Minority governments without the AfD make sense

Benjamin Hoehne represents the professorship for comparative politics at the University of Münster. He says: Minority governments are a useful way to keep the AfD away from the government.

The firewall against AfD participation in government threatens to shake if it emerges as the strongest force in the state elections in Brandenburg, Saxony and Thuringia next fall. Minority governments are a useful means of keeping the AfD out of government. They are capable of acting as long as no parliamentary majority is formed against them. They have to be embedded in a cordon sanitaire like in Belgium. This is an agreement by the pluralist parties to cooperate with each other, but not with the AfD. The price of keeping right-wing populist forces out must also be better shared.

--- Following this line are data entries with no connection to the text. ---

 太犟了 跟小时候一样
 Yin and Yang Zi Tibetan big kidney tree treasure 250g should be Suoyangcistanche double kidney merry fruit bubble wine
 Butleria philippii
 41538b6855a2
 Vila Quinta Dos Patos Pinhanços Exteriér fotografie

In Thuringia, the CDU, which tolerates a government led by the left, is currently paying him the most. However, the opposite constellation would also be conceivable. Perhaps a future minority government would not need a fixed tolerating partner at all, but could rely on changing majorities depending on the issue. The cross-party consensus against right-wing populism is central. It will depend above all on the steadfastness of the CDU.”


Cooperation would further normalize the AfD

Anna Sophie Heinze is a political scientist at the University of Trier. In 2020 her book “Strategies against right-wing populism? Dealing with the AfD in state parliaments”. She says: A cooperation would normalize the AfD further.

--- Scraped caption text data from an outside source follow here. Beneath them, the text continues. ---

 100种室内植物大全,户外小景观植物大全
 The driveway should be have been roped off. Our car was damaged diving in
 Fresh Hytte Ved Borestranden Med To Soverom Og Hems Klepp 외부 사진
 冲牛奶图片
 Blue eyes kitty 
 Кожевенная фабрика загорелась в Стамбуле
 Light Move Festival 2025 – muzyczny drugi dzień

Right-wing parties like the AfD are now represented almost everywhere in Europe. Mainstreaming and the normalization of their positions are playing an increasing role. Even in countries where such parties were strictly excluded for a long time, it crumbled cordon sanitaire often first at the local or sub-national level. These processes can also be observed in relation to the AfD – not only, but above all, on the part of the CDU/CSU and FDP.

Especially in the East German states, the balance of power between the parties makes it difficult to exclude the AfD. At the same time, she was particularly radical there right from the start and continued to drive this course within her organization.

As long as the parties refuse to cooperate with the AfD, their influence will remain limited. On the other hand, cooperation would significantly advance their normalization – a process that is hardly reversible and, with a view to their content orientation, is also extremely dangerous.